Using Archive Access Tokens
Many datasets in the CEDA archive have specific auditing policies or access restrictions in place which prevent non logged-in or unauthorised users from downloading their data. This can pose a problem for anonymous scripted interactions, such as bulk file downloads (with Wget, Python requests, etc) or data sub-setting (e.g. NetCDF libraries or HTTP range get requests). To solve this problem, we provide access tokens that can be used in scripts to act on behalf of your CEDA account for the purposes of accessing data on the CEDA Archive.
How to Generate an Access Token
- Access Restrictions
- Generating Tokens from the CEDA Services Website
- Generating Tokens with the Token API
Using Access Tokens in Scripts (examples)
- Finding CEDA Archive File URLs
- Using Wget
- Using Curl
- Using Python Requests
- Using Python NetCDF4
- Complete Python Example Script
What is an Access Token?
The kind of access token we issue is something called a Bearer Token (from the OAuth 2.0 protocol). It is an opaque string which can be used in HTTP requests to uniquely identify the owner of the token for the purposes of verifying their identity. It is added to a request as part of the HTTP "Authorization Header".
As a security measure, access tokens that we issue have a limited lifespan.
How to Generate an Access Token
First, you will need to log in to your user account (if you don't already have one, you can Register for a CEDA Account).
Access Restrictions
Tokens cannot be used to access data that your CEDA account doesn't already have access to. Many datasets just require login to access, but some have additional licences that you must first sign-up to before you'll be able to access them. You can find information about the access restrictions for datasets, along with relevant sign-up links, on our Data Catalogue. Note that some datasets have policy agreements that you must first agree to, and you may need to wait before your access is approved by a moderator.
Once you're logged in (and your account has the access permissions you need) you can now generate access tokens to use in scripted interactions. See below for details of the different ways to do this.
Generating Tokens from the CEDA Services Website
The simplest way to generate a token is by using the access token generator on the CEDA services website. Note that, since these tokens will only have a lifespan of 3 days and cannot be refreshed, this method may not be suitable for scripts that are intended to run for a long period of time.

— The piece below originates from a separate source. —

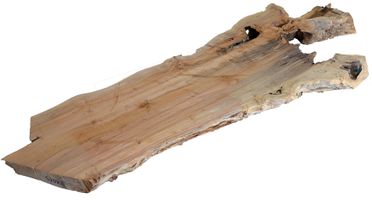 Ulmen Bohle 2000x500x85mm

For these purposes, see the section about the token API further down.
To generate a new token, click the "Create new access token" button, and enter your CEDA user password and (optionally) a name for the token.

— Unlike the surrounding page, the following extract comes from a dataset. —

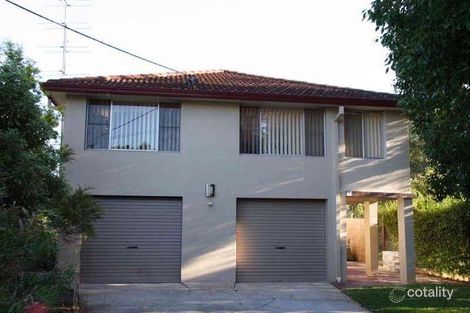 104 Mackenzie Ave, Woy Woy, NSW 2256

After generating a token, you can copy it to use in scripts by clicking "Copy", or delete unneeded tokens using "Delete". You can also see the expiry date of each of your tokens. You can generate a maximum of 2 active tokens using this method.
Generating Tokens with the Token API
Fresh tokens can also be requested from our Token API. This makes it possible to refresh expired tokens inside of your scripts, avoiding the manual step of generating and copying tokens from the website.

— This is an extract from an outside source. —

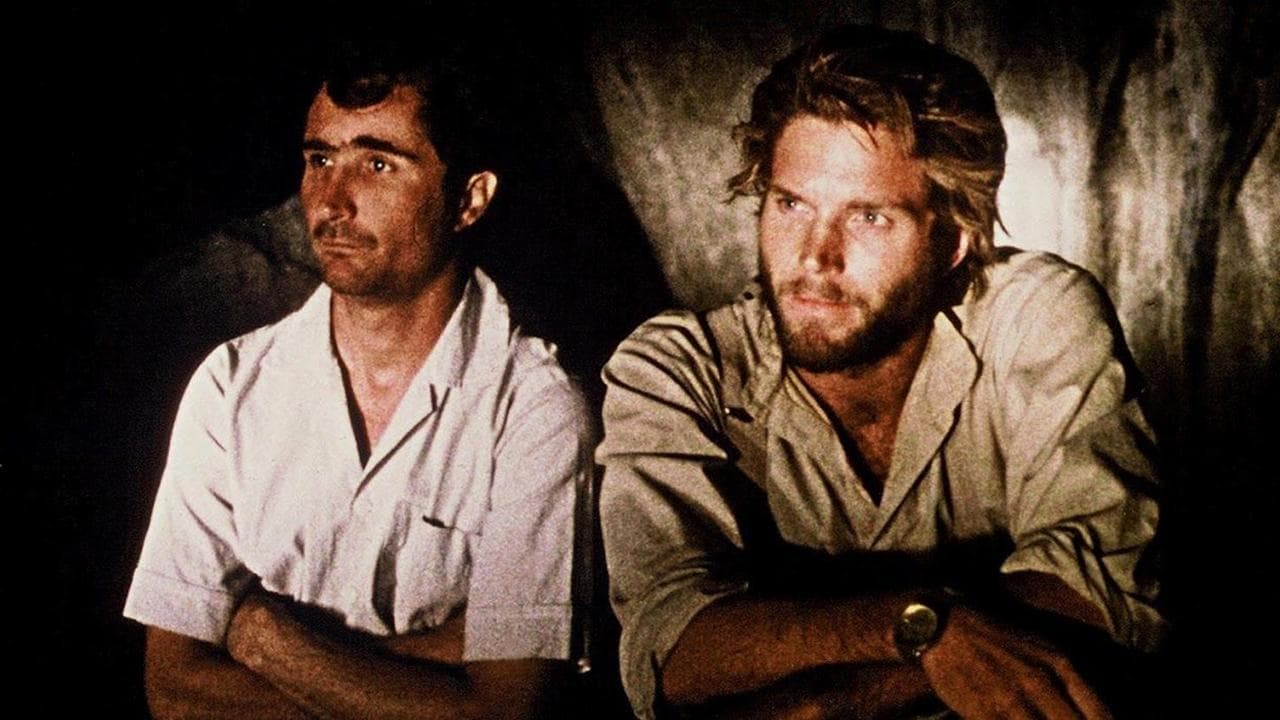 Cinéma, Aspirine et Vautours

The API endpoint is: https://services-beta.ceda.ac.uk/api/token/create/
This is secured with HTTP basic authentication, requiring you to provide your CEDA login credentials in the header of a POST request.
Below are some examples of scripts that will generate a token from the API.
Using a bash script and Curl:
CEDA_USERNAME='my CEDA username' CEDA_PASSWORD='my CEDA password' # If successful, this will return a JSON response containing the token curl --location --request POST 'https://services-beta.ceda.ac.uk/api/token/create/' --header "Authorization: Basic $(echo -n "${CEDA_USERNAME}:${CEDA_PASSWORD}" | base64)"
From inside a Python script (uses requests):
import json import requests from base64 import b64encode url = "https://services-beta.ceda.ac.uk/api/token/create/" username = "my CEDA username" password = "my CEDA password" token = b64encode(f"{username}:{password}".encode('utf-8')).decode("ascii") headers = { "Authorization": f'Basic {token}', } response = requests.request("POST", url, headers=headers) # If successful, this will return a JSON response containing the token response_data = json.loads(response.text) print(response.text) if response.status_code == 200: token = response_data["access_token"]
Using Access Tokens in Scripts
There are multiple ways to use tokens in scripted interactions. First, you'll need a valid URL to the file in the CEDA archive that you're interested in. Then your access token must be added to the HTTP header using the "Bearer Token Authorization Header" standard. In this section, we've included examples with some common ways to access data.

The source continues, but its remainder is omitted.